Segment Start: Supplied data

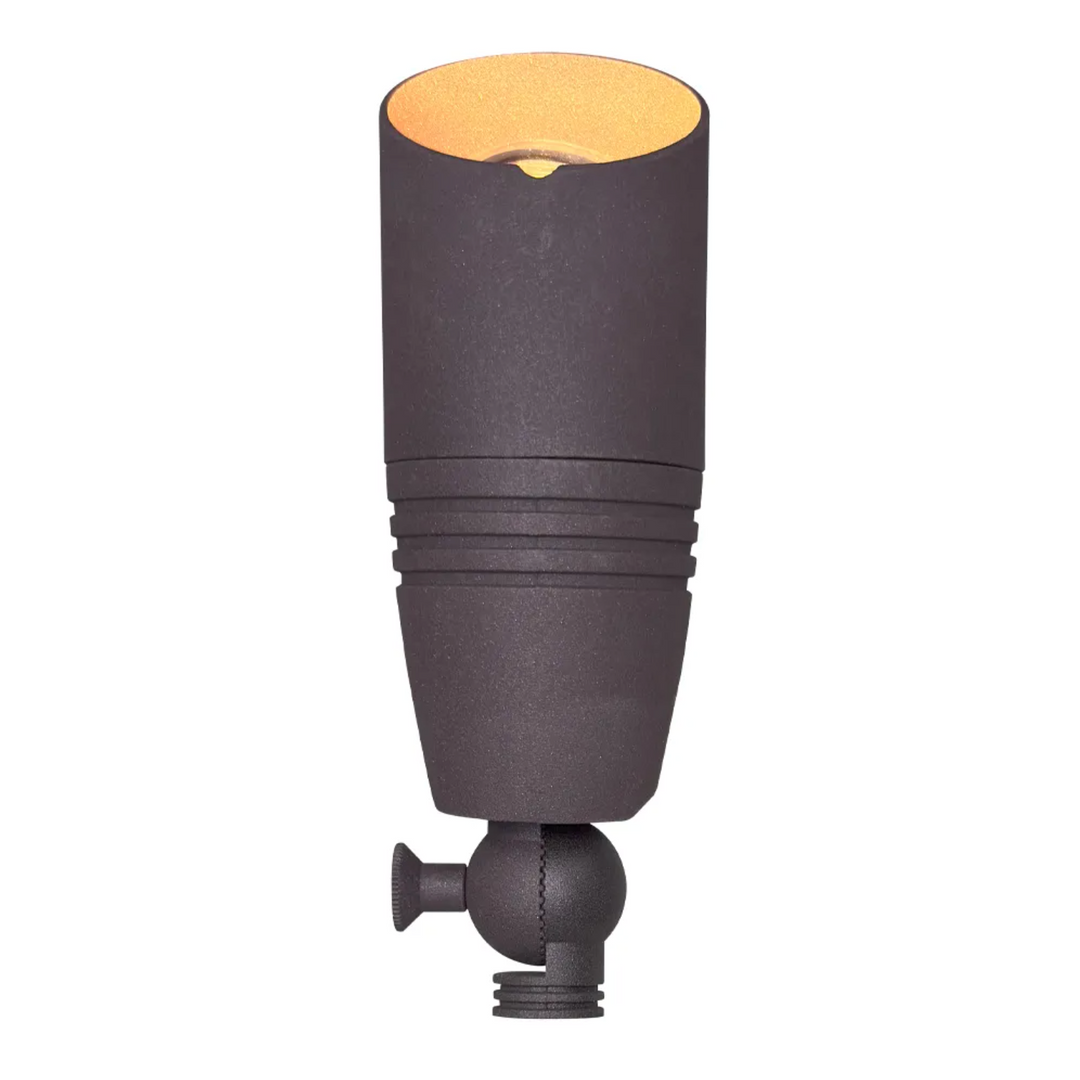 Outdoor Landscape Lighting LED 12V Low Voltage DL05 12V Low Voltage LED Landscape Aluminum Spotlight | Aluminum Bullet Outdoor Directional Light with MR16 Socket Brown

Segment End: Supplied data
Segment Start: Supplied data

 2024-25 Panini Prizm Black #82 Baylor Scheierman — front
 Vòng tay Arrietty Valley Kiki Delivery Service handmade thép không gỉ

Segment End: Supplied data

Exercise requirements:
Copy the lines above exactly. Start with the line containing "2024-25 Panini Prizm", end with the line containing "Vòng tay Arrietty", and include both.

Answer area:
 2024-25 Panini Prizm Black #82 Baylor Scheierman — front
 Vòng tay Arrietty Valley Kiki Delivery Service handmade thép không gỉ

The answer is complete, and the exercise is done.